### Task to complete
Reproduce exactly the lines below from the one containing "Fiat Bravo 155 HGT on coast near Punakaiki" through the one containing "Mẫu nail màu đỏ kẻ", including both, and nothing else.

### Source material
BEGIN
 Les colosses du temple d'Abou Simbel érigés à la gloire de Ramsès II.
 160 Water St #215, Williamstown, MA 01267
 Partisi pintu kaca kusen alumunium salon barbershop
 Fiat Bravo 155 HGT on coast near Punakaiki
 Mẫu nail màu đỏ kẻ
END
BEGIN
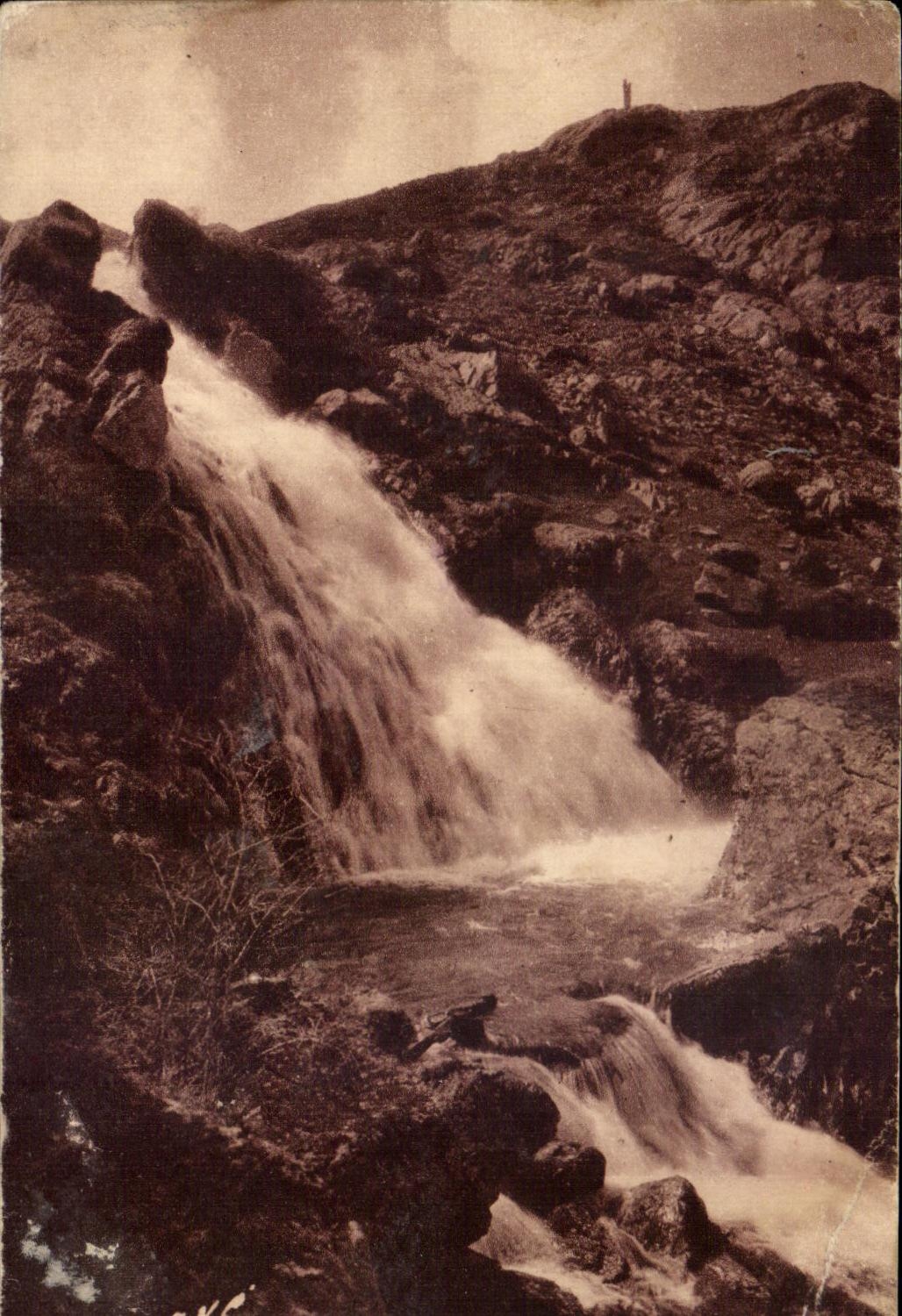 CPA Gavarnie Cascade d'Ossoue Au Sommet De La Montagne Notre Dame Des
END
### Task output
 Fiat Bravo 155 HGT on coast near Punakaiki
 Mẫu nail màu đỏ kẻ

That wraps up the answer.